What is needed is a faithful copy of all the entries, with no pictures in it.
>>>>
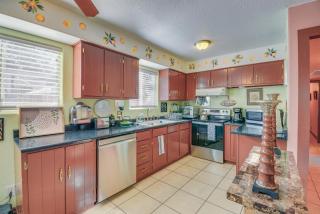 Artfully Decorated Cottonwood Home Pets Welcome! - 5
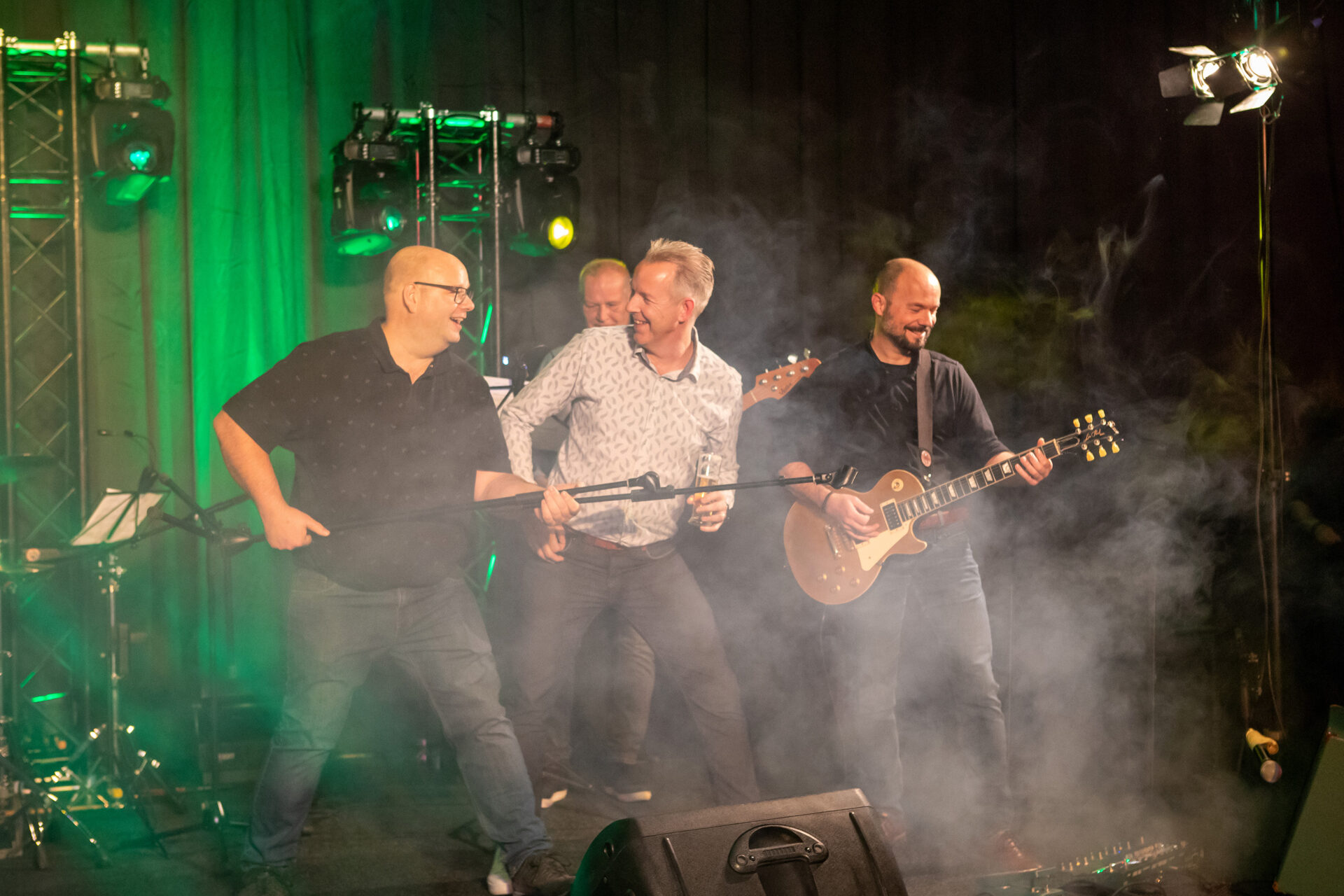 Jos Frederix, Gilvester van Rooij en Rudy Ehren op het podium tijdens de feestavond van het 40-jarig jubileum van Manders Automation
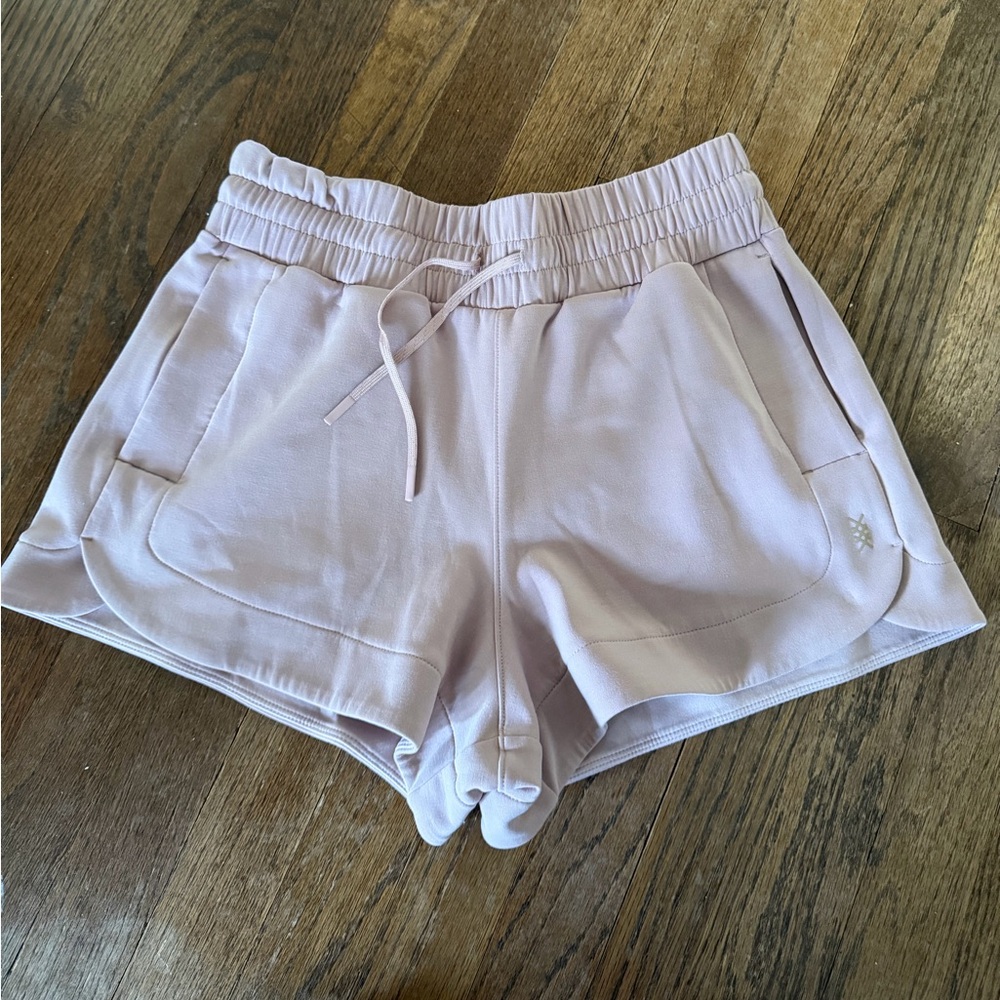 Rhone DreamGlow shorts Size S Color: Rose Dust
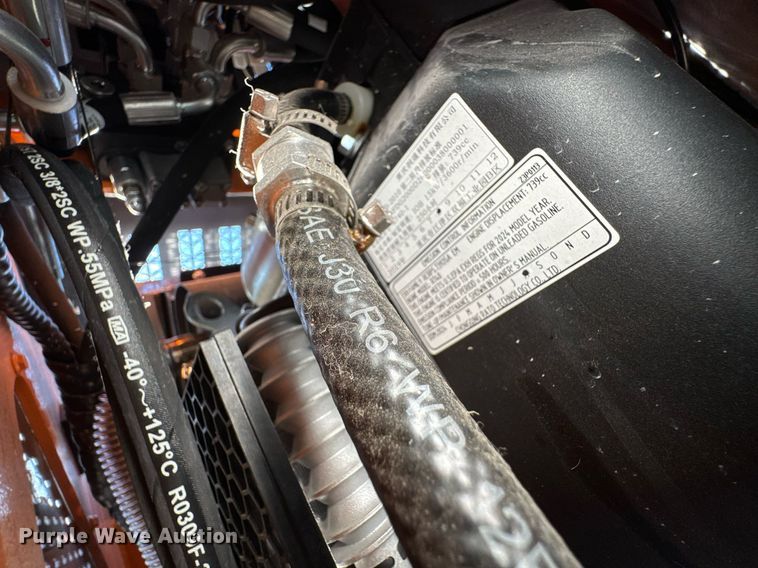 image for item DO0087 Compact utility loader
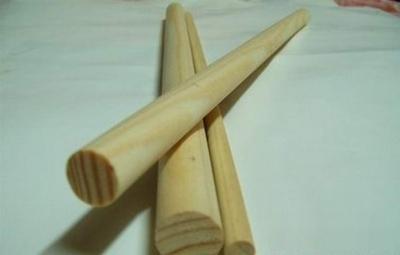 Chine Long doigt en bois rond Rods, poignée de bois dur de nature 30 x 1100 millimètres à vendre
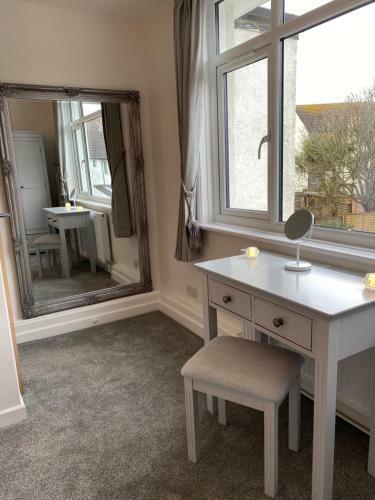 Worthing Beach 180 - Sea View 2 Bed Apartment With Private Parking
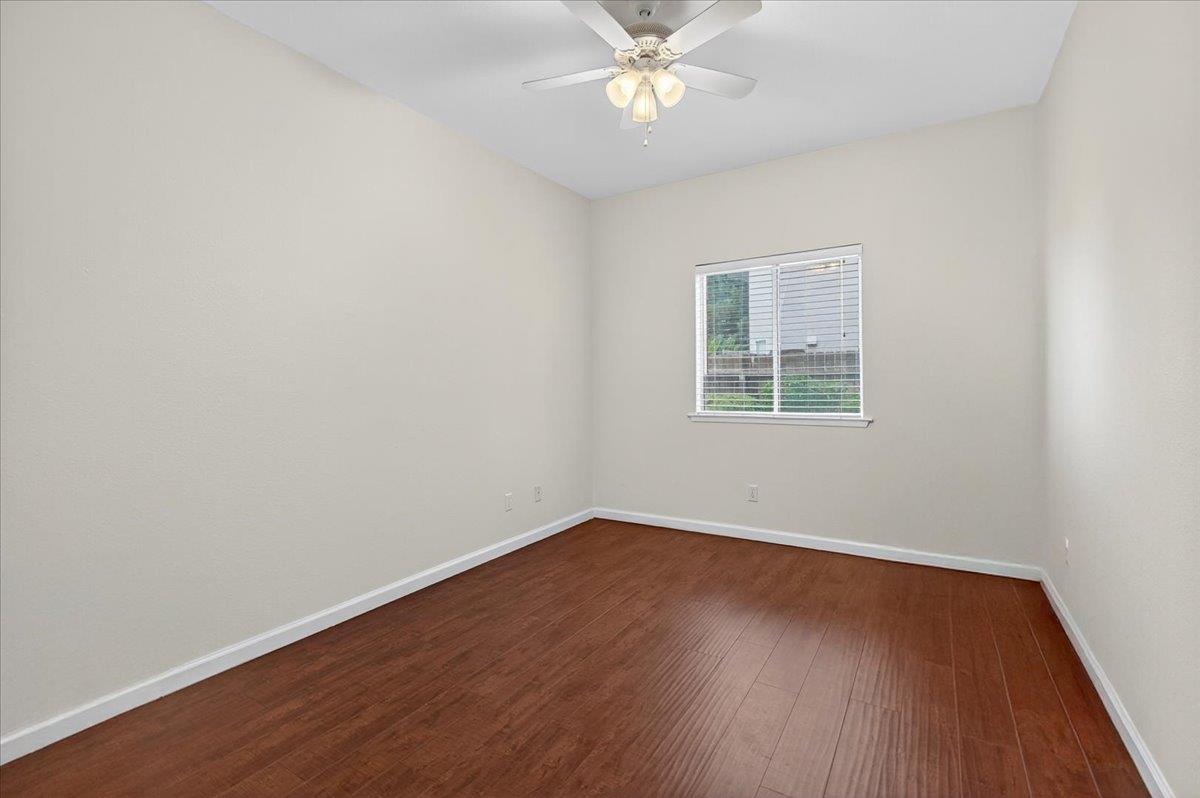 2349 E La Quinta Dr, Fresno, CA 93730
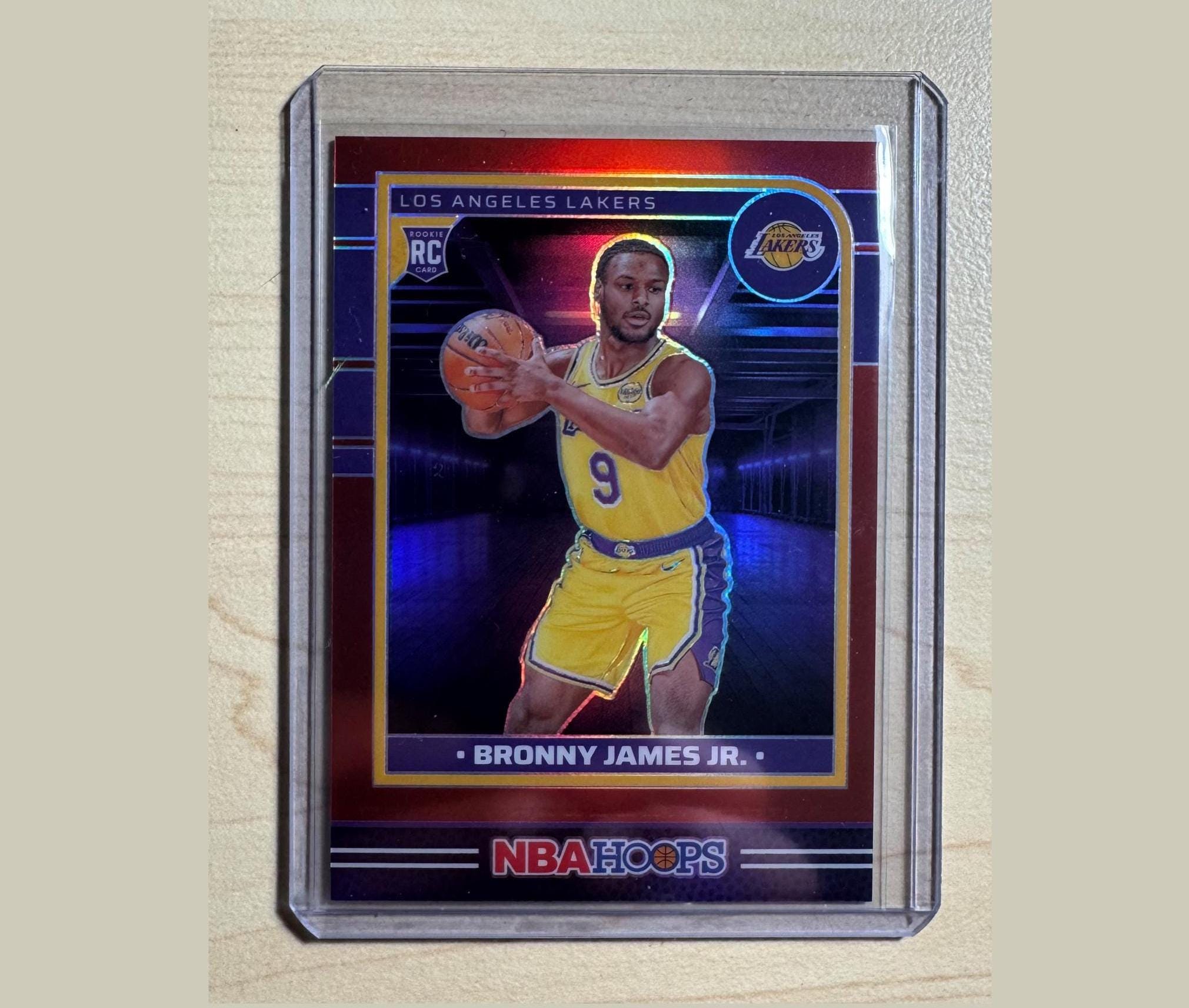 2023-24 Panini Mosaic LeBron James Blue Reactive Prizm, Card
<<<<
• [Response for this exercise]:
 Artfully Decorated Cottonwood Home Pets Welcome! - 5
 Jos Frederix, Gilvester van Rooij en Rudy Ehren op het podium tijdens de feestavond van het 40-jarig jubileum van Manders Automation
 Rhone DreamGlow shorts Size S Color: Rose Dust
 image for item DO0087 Compact utility loader
 Chine Long doigt en bois rond Rods, poignée de bois dur de nature 30 x 1100 millimètres à vendre
 Worthing Beach 180 - Sea View 2 Bed Apartment With Private Parking
 2349 E La Quinta Dr, Fresno, CA 93730
 2023-24 Panini Mosaic LeBron James Blue Reactive Prizm, Card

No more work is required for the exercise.